▶ Exercise: A complete answer retypes each of the records below precisely and includes none of the pictures.

▶ Entries provided:
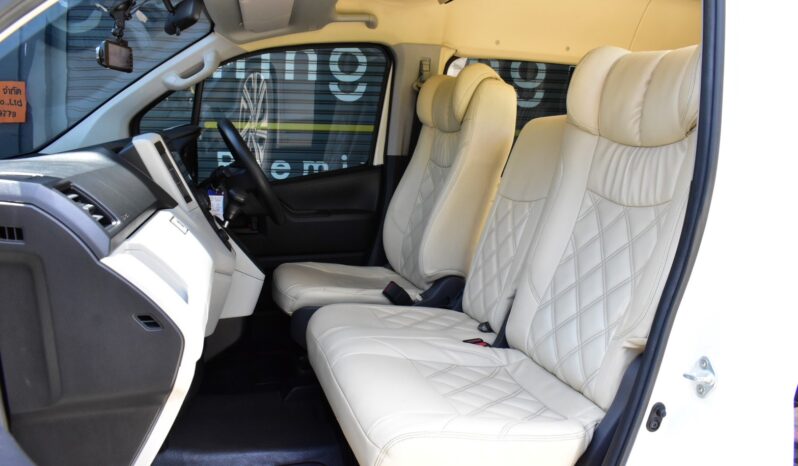 
								TOYOTA COMMUTER 2.8 AT 2021 full									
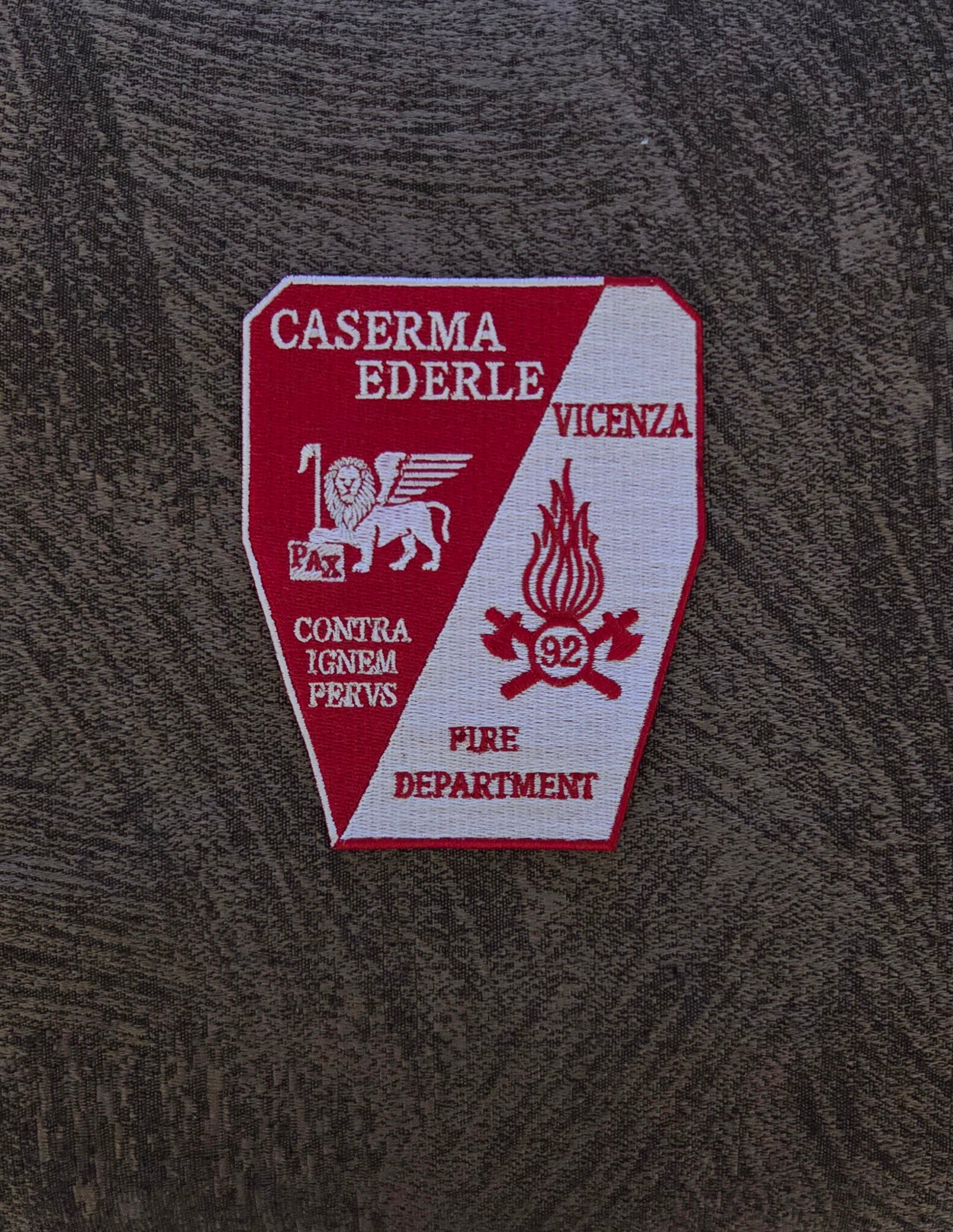 Toppa Patch Vigili del Fuoco 11,5X9.2CM Fire Department Caserma Ederle Termoadesiva e da Cucire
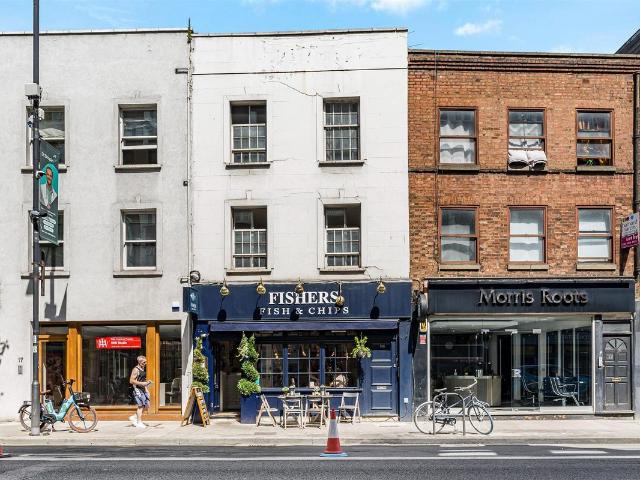 Fulham High Street, Fulham SW6, 3 bed flat to rent, £3,750 pcm | PrimeLocation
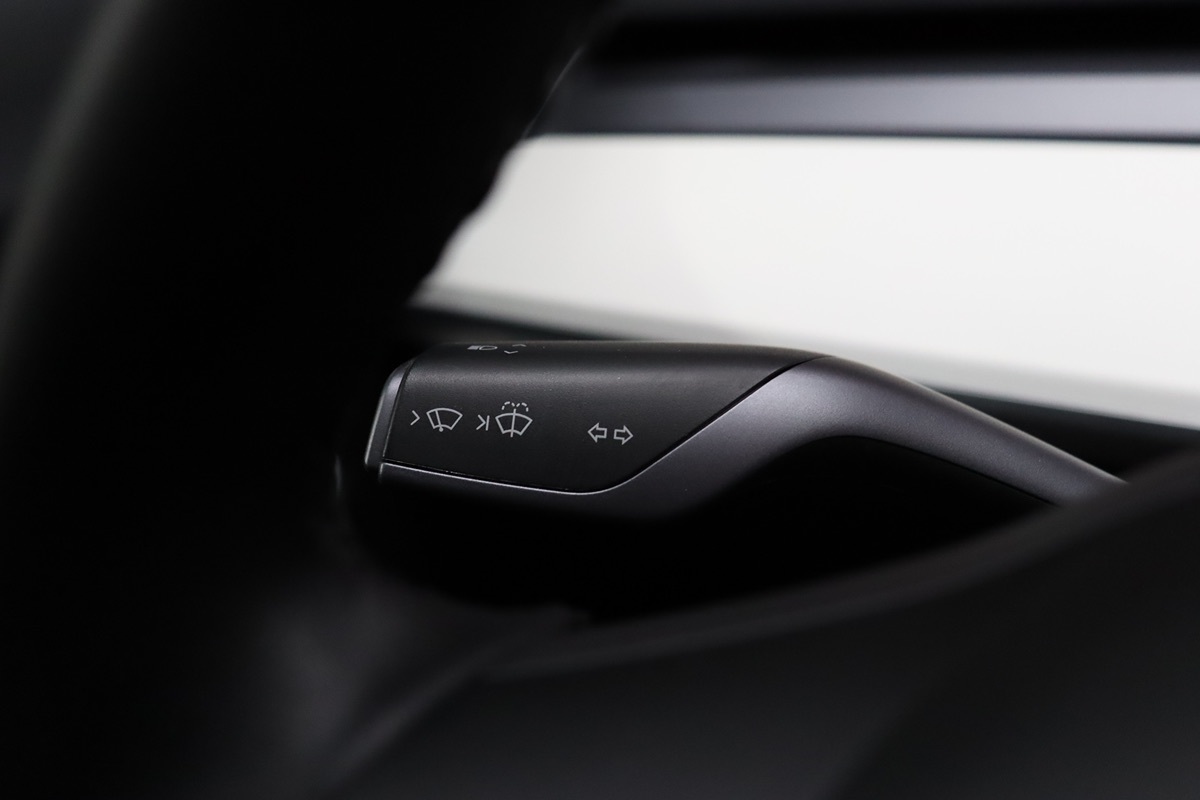 2020 Tesla Model 3 Long Range photo 34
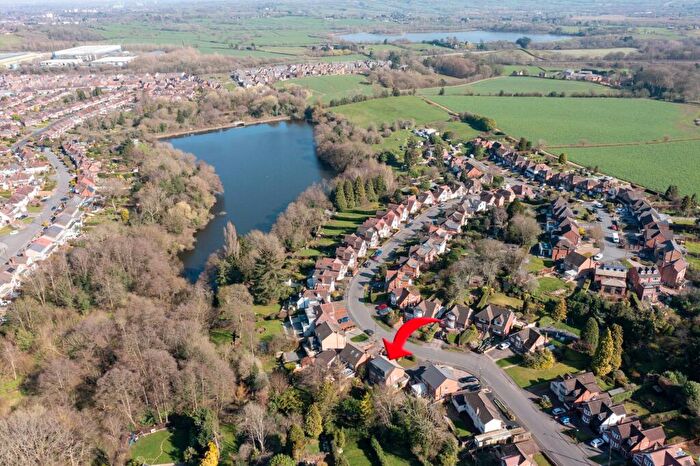 4 Bedroom Detached House For Sale In Reservoir Road, Cofton Hackett, B45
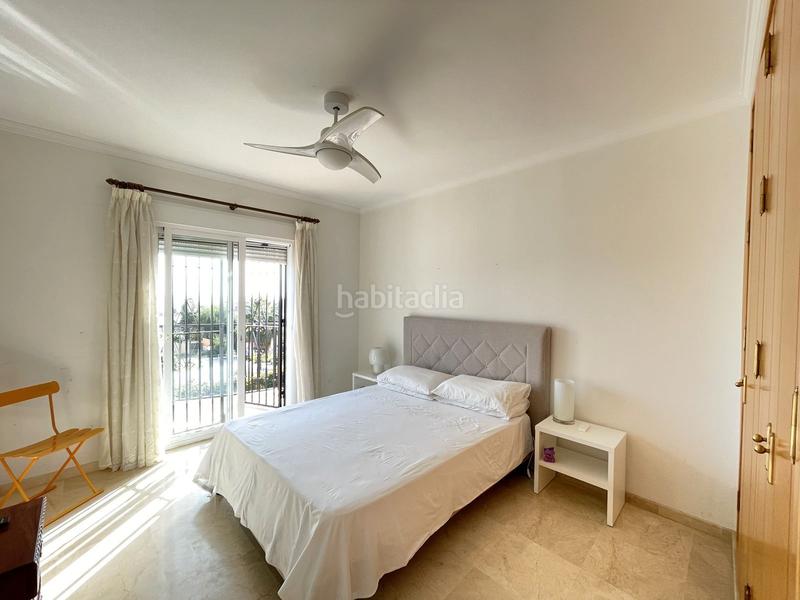 Foto abca447e-70b2-4b71-b2d3-2e4b5f72b06c. Chalet in avenida del carmen 21 in puerto de Estepona Estepona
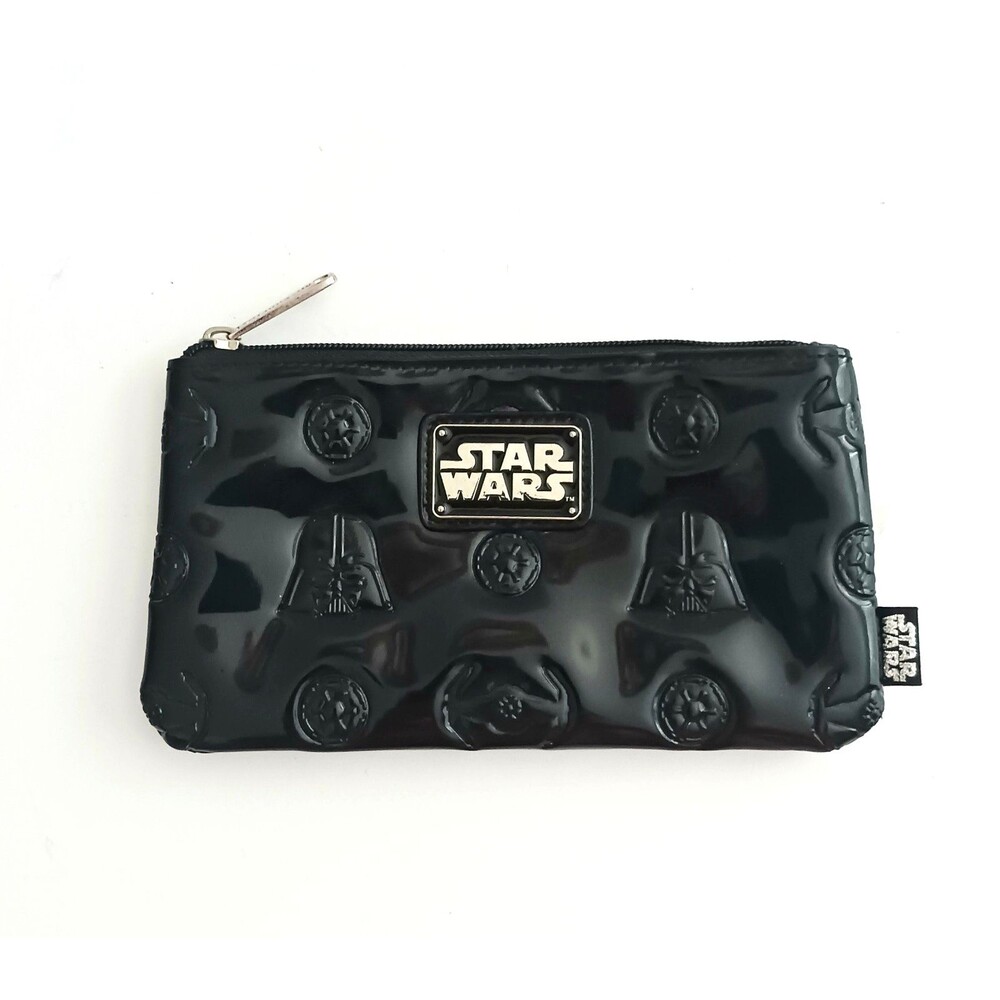 Loungefly Darth Vader Glossy Blk Patent Embossed Print Zip Top Pouch Bag 8X4.5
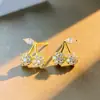 Novos Brincos de Cereja Prateados para Mulheres Série Cura Brincos Simples e Compactos Prata de Lei S925 Estilo Coreano Estilo Ins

▶ Exercise solution:
								TOYOTA COMMUTER 2.8 AT 2021 full									
 Toppa Patch Vigili del Fuoco 11,5X9.2CM Fire Department Caserma Ederle Termoadesiva e da Cucire
 Fulham High Street, Fulham SW6, 3 bed flat to rent, £3,750 pcm | PrimeLocation
 2020 Tesla Model 3 Long Range photo 34
 4 Bedroom Detached House For Sale In Reservoir Road, Cofton Hackett, B45
 Foto abca447e-70b2-4b71-b2d3-2e4b5f72b06c. Chalet in avenida del carmen 21 in puerto de Estepona Estepona
 Loungefly Darth Vader Glossy Blk Patent Embossed Print Zip Top Pouch Bag 8X4.5
 Novos Brincos de Cereja Prateados para Mulheres Série Cura Brincos Simples e Compactos Prata de Lei S925 Estilo Coreano Estilo Ins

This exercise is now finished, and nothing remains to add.